INSTRUCTIONS TO FOLLOW: The response must be the exact lines from the line holding "Flacon arrondi eau" through the end of the entries, with no pictures and nothing else.

Records from a dataset:
"""
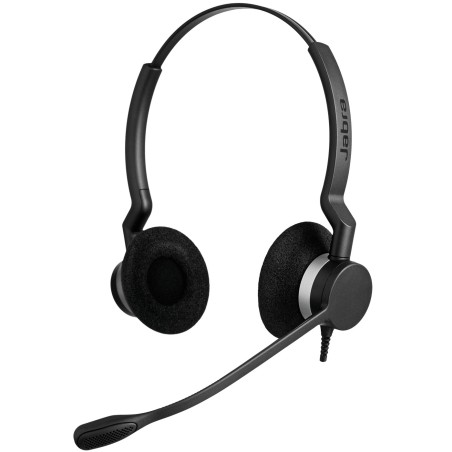 Jabra Biz 2300 Casque Avec fil Arceau Bureau Centre d'appels Bluetooth Noir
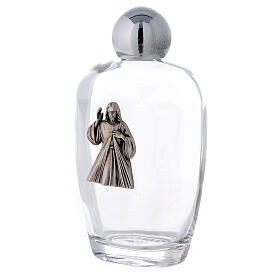 Flacon arrondi eau bénite Christ Miséricordieux 100 ml (25 pcs) verre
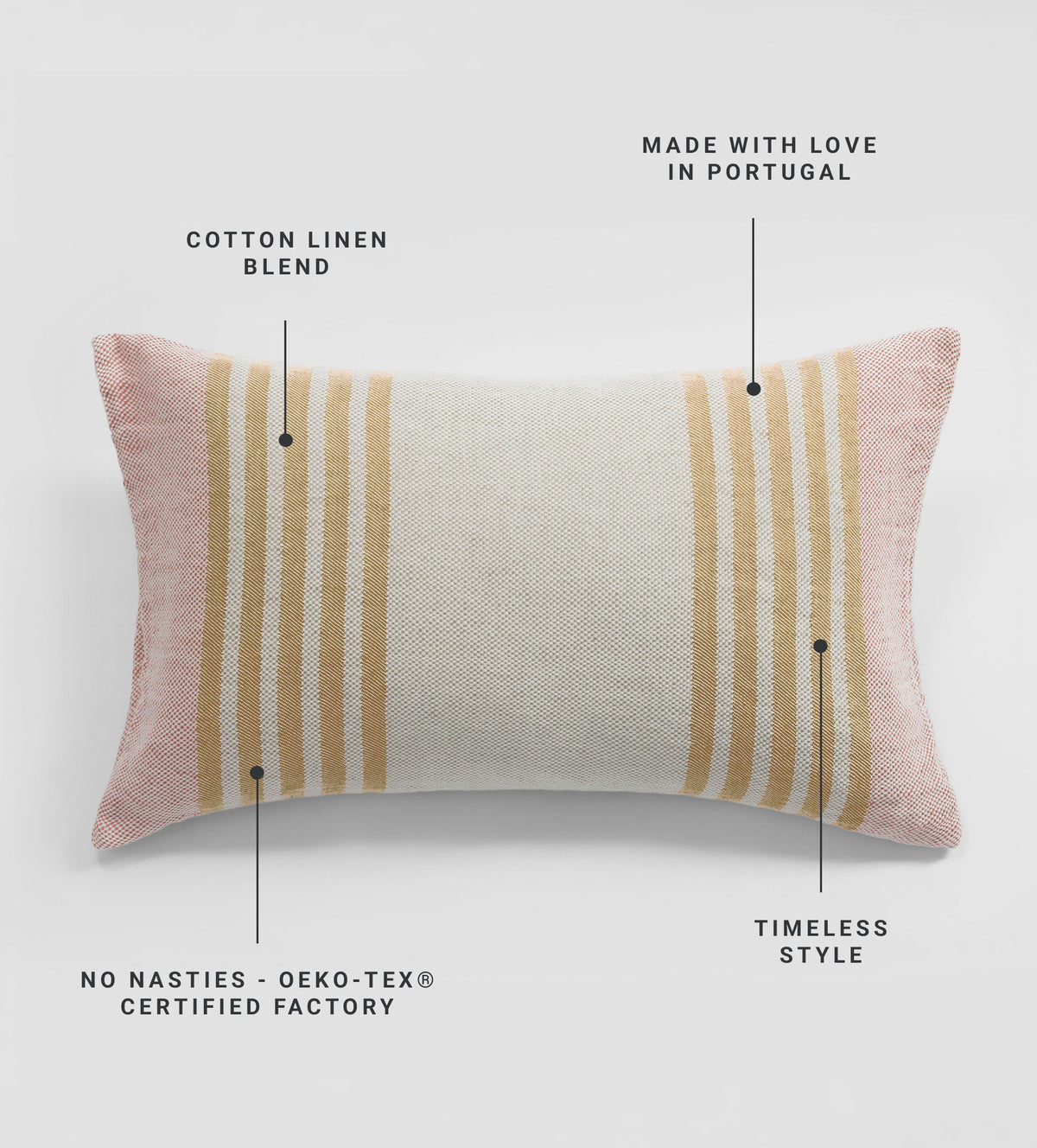 Ellis Cotton Linen Cushion Cover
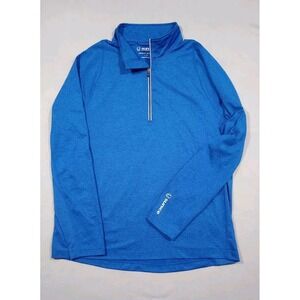Sunice 1/4 Zip Mens Blue  Performance Golf  Size Medium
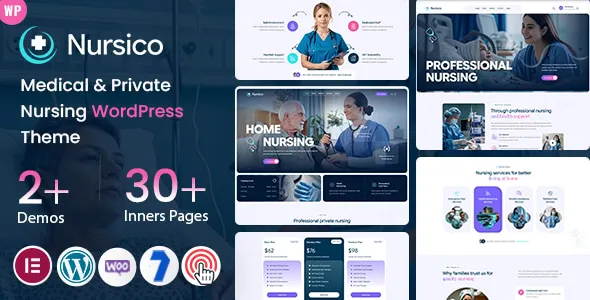 Nursico - Medical & Private Nursing WordPress Theme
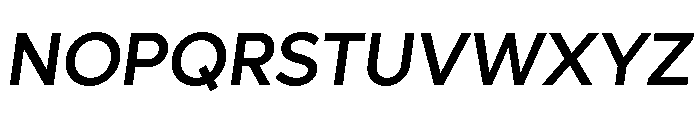 Lufga Medium Italic Font UPPERCASE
"""
PROBLEM SOLUTION:
 Flacon arrondi eau bénite Christ Miséricordieux 100 ml (25 pcs) verre
 Ellis Cotton Linen Cushion Cover
Sunice 1/4 Zip Mens Blue  Performance Golf  Size Medium
 Nursico - Medical & Private Nursing WordPress Theme
 Lufga Medium Italic Font UPPERCASE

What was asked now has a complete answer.